The worst part about Sandy was the wind. It howled. I watched trees bend and waited for them to break (they didn't, really. The ones we lost were actually uprooted, but they were skinny pine trees. Thankfully, the huge oaks and maples in my yard held.) Big tree branches snapped off and rolled across the back yard. My neighbor's fence just toppled over. You could hear the wind, and it sounded like it wanted to just rip the shingles off the roof. It was loud and menacing - enough that we wouldn't let the kids sleep in their rooms. I set them up in the family room on the lowest floor of our house because it was the safest place for them to be.

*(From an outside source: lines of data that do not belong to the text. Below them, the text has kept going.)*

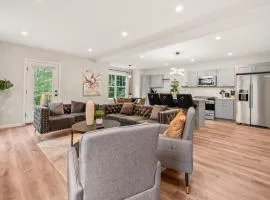 Ideal Family Stay Sleeps 20 in Bloomfield CT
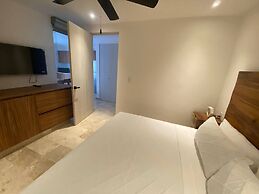 Spacious and Comfortable Ph With Private Pool in Zama!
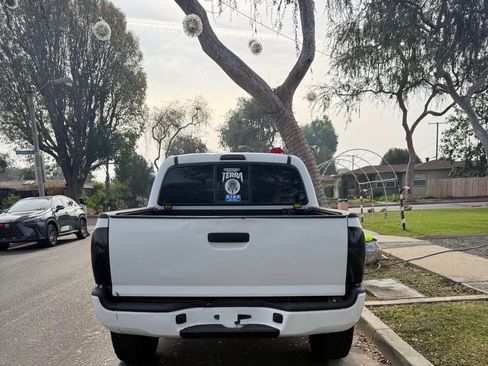 Used 2007 Toyota Tacoma PreRunner image 8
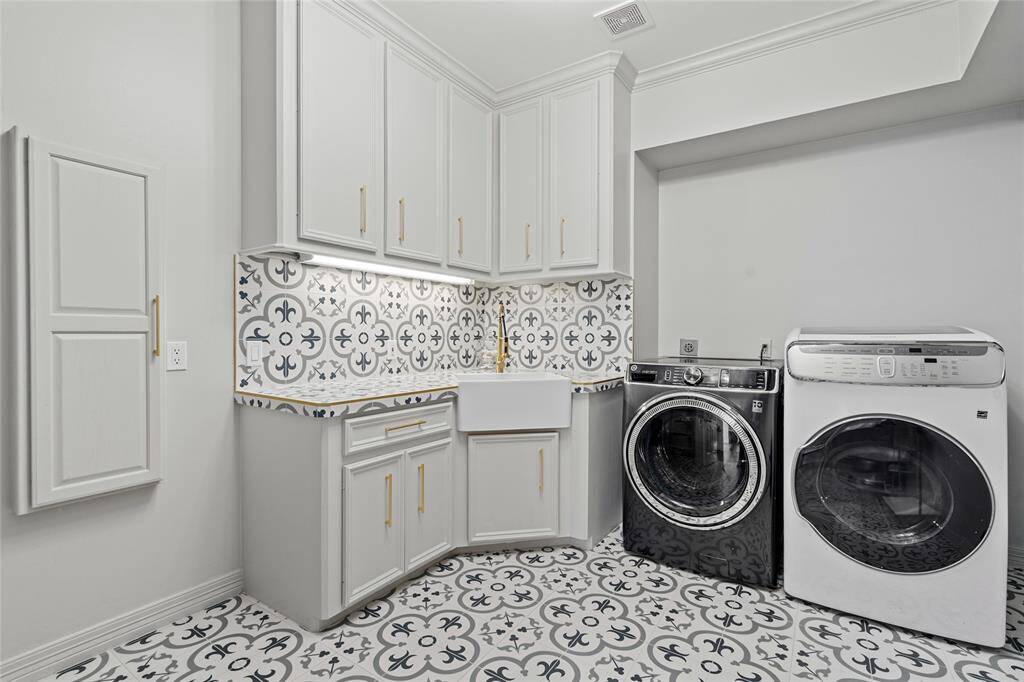 Central laundry room fully remodeled in 2023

Our lights flickered and we could hear faint explosions. Looking out the windows, we could see blue flashes coming from this direction and that. Transformers were blowing up all around us at different intervals and then the lights went out.
We knew as soon as the storm made landfall, because it just intensified like *that* and at that time, we still had power, so we watched as it blasted through Seaside and Ortley - the wind was so strong, it just blew sea foam everywhere. Just take a look at the images that came out of Ortley and Mantoloking in the days that followed. That wind was a beast.

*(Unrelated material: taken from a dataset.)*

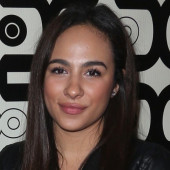 Aurora Perrineau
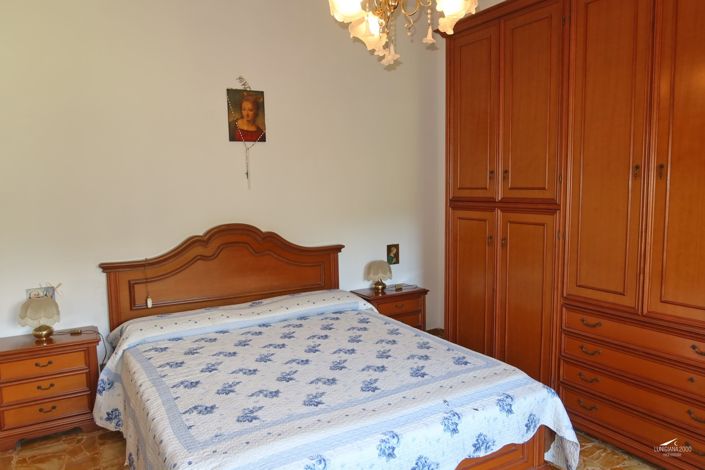 Image No.30-3 Bed Apartment for sale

When Irene hit (although I think that was downgraded to a Tropical Storm) the big factor was rain. It wasn't anywhere near as frightening as Sandy was - I didn't think any trees were going to smash through my house. But we watched the water build up in our pool (inground, just a few feet from our house. My husband went out several times during the night to dump water from it into the creek behind our house), watched it pool up everywhere on the ground. The river crested a third of the way into my neighborhood (fortunately we are far enough back that we weren't affected, but houses just half a mile away had water up to their second floor.) The power went out the next day. It wasn't out as long as it was after Sandy, though.
We don't get hit by many hurricanes (they tend to peter out before they reach NJ - Sandy was different because it was actually several different storms that just happened to converge over us) and a lot are downgraded to Tropical Storms and our concern is always flooding, because NJ really is just one big swamp.